Can the good times continue? Convertible bond fund managers think so. The indexed iShares Convertible Bond exchange-traded fund has a low 0.20% expense ratio, but some active managers have beaten it. During the slow period that the sector experienced in the past five years, the Franklin fund produced a 3.9% annualized return versus the ETF's 2.1%, although it underperformed more recently, as it tends to be more defensively positioned.

The Fidelity Convertible Securities fund has proved adept at both offense and defense, outperforming in 2022's downturn and matching the benchmark more recently. "A lot of the convertibles that were issued in 2020 and 2021 ended up losing their equity sensitivity when their stocks traded down" in 2022, says Rick Gandhi, the fund's co-manager.
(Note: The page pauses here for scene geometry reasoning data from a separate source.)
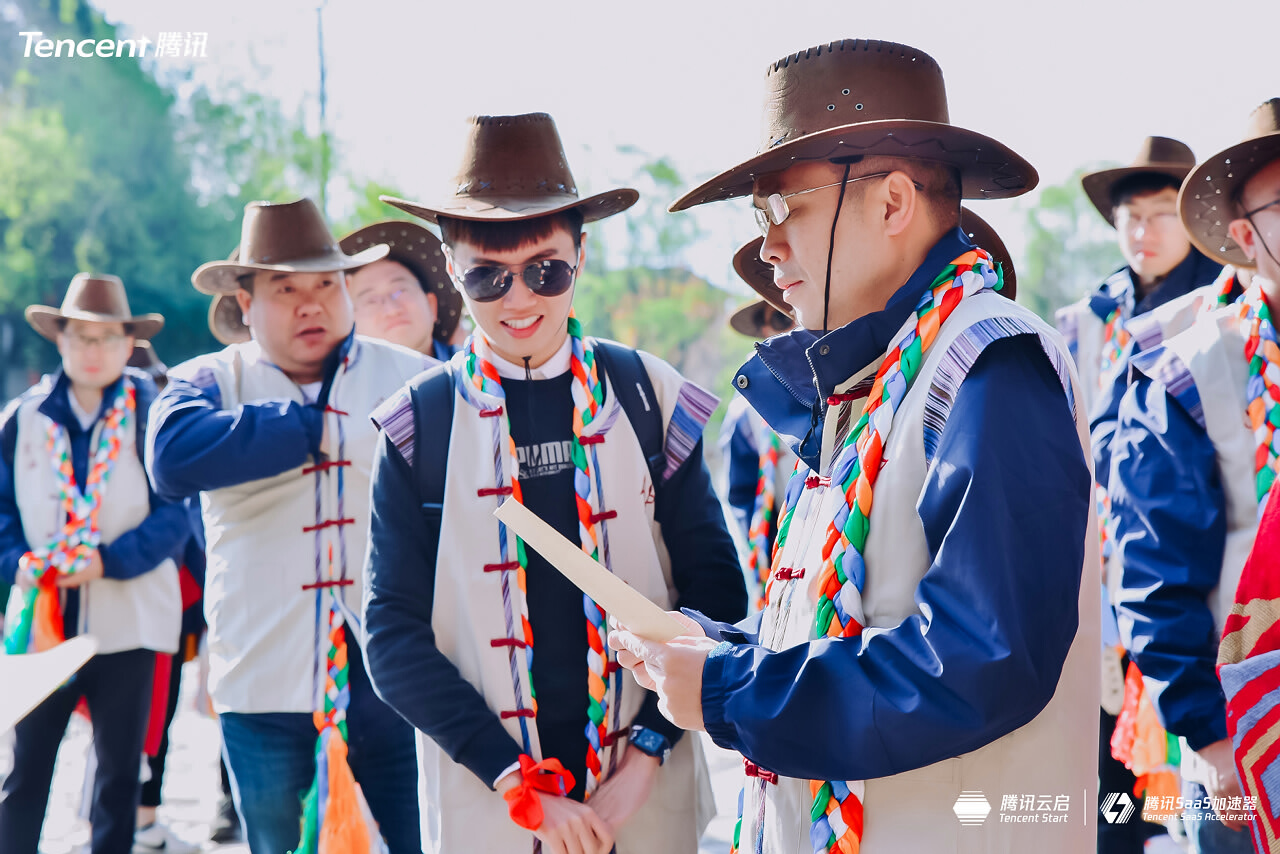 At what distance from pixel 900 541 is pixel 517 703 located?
1.20m

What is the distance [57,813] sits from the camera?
241 inches

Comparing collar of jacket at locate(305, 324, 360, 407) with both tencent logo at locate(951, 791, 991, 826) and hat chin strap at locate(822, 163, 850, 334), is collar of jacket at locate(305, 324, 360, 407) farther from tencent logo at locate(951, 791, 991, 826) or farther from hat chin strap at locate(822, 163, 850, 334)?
tencent logo at locate(951, 791, 991, 826)

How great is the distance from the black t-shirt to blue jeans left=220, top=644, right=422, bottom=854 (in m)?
1.13

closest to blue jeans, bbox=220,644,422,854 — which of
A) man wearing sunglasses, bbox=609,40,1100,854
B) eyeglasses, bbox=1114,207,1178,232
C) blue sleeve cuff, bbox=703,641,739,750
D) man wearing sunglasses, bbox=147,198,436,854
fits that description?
man wearing sunglasses, bbox=147,198,436,854

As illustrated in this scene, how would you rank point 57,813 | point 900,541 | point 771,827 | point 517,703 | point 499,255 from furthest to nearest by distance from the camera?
point 57,813 → point 499,255 → point 517,703 → point 771,827 → point 900,541

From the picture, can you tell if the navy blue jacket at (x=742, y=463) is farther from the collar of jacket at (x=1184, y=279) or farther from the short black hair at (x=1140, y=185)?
the short black hair at (x=1140, y=185)

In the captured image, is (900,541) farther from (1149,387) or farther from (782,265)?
(1149,387)

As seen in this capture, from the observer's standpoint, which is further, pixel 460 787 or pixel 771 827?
pixel 460 787

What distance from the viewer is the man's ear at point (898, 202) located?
187cm

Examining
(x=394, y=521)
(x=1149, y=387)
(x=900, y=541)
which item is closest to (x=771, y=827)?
(x=900, y=541)

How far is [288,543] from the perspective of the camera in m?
3.73

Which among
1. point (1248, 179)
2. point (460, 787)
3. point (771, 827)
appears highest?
point (1248, 179)

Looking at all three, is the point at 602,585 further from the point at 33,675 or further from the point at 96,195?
the point at 96,195

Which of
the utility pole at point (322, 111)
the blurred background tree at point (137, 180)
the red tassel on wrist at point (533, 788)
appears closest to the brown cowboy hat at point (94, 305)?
the red tassel on wrist at point (533, 788) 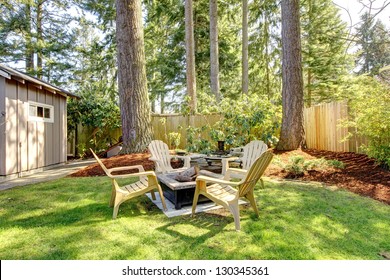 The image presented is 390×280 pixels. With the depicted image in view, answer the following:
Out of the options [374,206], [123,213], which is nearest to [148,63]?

The further away a falling stock is from the bond's conversion price at issuance, the less sensitive to the stock's moves the convertible becomes.

If a stock falls 50% below the bond's conversion target price of $10, it must recover from $5 to $10 -- or 100% -- before the bond has 100% equity sensitivity to the stock's price moves.
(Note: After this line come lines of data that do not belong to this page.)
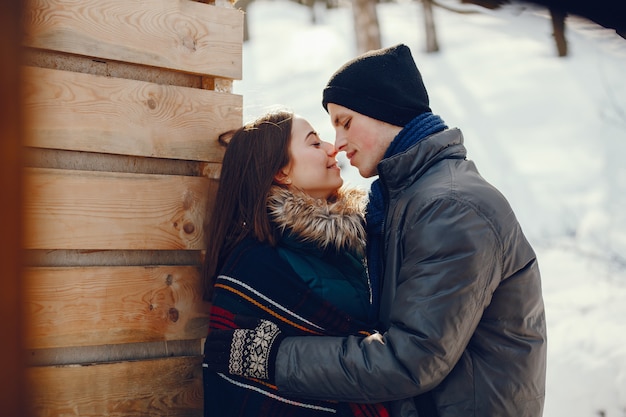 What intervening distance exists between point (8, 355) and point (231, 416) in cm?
172

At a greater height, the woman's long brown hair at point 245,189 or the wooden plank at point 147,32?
the wooden plank at point 147,32

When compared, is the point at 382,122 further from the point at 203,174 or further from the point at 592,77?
the point at 592,77

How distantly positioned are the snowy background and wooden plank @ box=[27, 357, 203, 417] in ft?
3.77

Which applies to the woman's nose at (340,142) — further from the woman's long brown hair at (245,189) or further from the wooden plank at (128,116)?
the wooden plank at (128,116)

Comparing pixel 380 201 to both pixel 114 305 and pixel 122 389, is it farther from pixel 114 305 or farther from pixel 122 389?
pixel 122 389

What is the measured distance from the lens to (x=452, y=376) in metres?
2.01

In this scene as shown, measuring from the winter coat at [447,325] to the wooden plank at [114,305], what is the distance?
60 cm

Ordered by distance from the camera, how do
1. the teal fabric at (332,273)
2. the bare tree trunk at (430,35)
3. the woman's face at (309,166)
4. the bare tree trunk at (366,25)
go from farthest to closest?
the bare tree trunk at (430,35) < the bare tree trunk at (366,25) < the woman's face at (309,166) < the teal fabric at (332,273)

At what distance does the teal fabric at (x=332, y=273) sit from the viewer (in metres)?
2.31

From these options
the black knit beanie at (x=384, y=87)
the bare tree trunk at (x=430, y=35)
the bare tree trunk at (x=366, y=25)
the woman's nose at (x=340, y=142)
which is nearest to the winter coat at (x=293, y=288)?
the woman's nose at (x=340, y=142)

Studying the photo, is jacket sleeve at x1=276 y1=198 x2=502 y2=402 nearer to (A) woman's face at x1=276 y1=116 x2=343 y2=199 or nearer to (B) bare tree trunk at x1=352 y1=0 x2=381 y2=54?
(A) woman's face at x1=276 y1=116 x2=343 y2=199

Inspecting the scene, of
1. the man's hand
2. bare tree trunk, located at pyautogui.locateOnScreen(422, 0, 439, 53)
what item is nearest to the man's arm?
the man's hand

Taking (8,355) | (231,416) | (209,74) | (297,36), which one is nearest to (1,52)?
(8,355)

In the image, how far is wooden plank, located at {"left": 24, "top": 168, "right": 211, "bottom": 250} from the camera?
2154mm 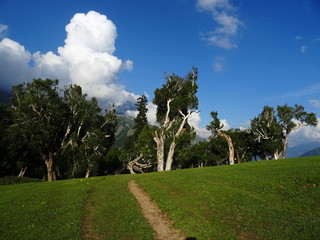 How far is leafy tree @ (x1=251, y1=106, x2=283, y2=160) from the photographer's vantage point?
7581 centimetres

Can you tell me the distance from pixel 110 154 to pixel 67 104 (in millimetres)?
34910

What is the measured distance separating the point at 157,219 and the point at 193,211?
9.32ft

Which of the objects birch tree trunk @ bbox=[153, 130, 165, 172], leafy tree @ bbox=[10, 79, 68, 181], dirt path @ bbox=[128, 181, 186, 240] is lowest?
dirt path @ bbox=[128, 181, 186, 240]

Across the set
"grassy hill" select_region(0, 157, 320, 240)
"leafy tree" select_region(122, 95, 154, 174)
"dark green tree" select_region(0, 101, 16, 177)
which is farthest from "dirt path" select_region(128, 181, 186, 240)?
"dark green tree" select_region(0, 101, 16, 177)

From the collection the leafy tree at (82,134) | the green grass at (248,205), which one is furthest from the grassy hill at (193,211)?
the leafy tree at (82,134)

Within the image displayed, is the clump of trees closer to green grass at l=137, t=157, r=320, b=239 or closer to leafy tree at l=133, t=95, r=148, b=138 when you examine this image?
leafy tree at l=133, t=95, r=148, b=138

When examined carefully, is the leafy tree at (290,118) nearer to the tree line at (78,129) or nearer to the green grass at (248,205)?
the tree line at (78,129)

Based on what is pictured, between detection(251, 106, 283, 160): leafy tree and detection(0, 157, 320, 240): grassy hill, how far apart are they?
55132 millimetres

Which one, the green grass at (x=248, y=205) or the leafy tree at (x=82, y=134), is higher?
the leafy tree at (x=82, y=134)

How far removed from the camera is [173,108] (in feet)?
193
But all of that has now changed for the better. "Generally speaking, convertibles have a five-year maturity, so a lot of those bonds that were issued in 2021 need to be refinanced in 2026, and issuers don't want to wait until the last minute," Gandhi says. "So, we've had a lot of very good issuance, where companies have taken out very low equity sensitivity bonds and issued [new convertibles] with better risk profiles. When that happens, as the equity starts to do well, you participate in that."

The fund has notably benefited from a surge in certain tech stocks rising above their bonds' conversion prices -- such as hard-drive makers Western Digital and Seagate Technology, both up more than 300% in the past year.

But this isn't just a Big Tech stock story. "It's going to be a continuation of what we saw in the back half of 2025," says manager Ethan Turner of Virtus Convertible, another top fund. "A lot of these smaller companies have been in an earnings downturn since 2022. As they get more comfortable with the economic outlook and their earnings recovery, they're coming to the convertible market to fund their growth."

Bonds of smaller companies such as infrastructure construction company Granite Construction sit beside blue-chip tech stocks like Western Digital in Turner's portfolio. Both could do well in this environment.

Write to editors@barrons.com

This content was created by Barron's, which is operated by Dow Jones & Co. Barron's is published independently from Dow Jones Newswires and The Wall Street Journal.

 

(END) Dow Jones Newswires

February 18, 2026 02:00 ET (07:00 GMT)

Copyright (c) 2026 Dow Jones & Company, Inc.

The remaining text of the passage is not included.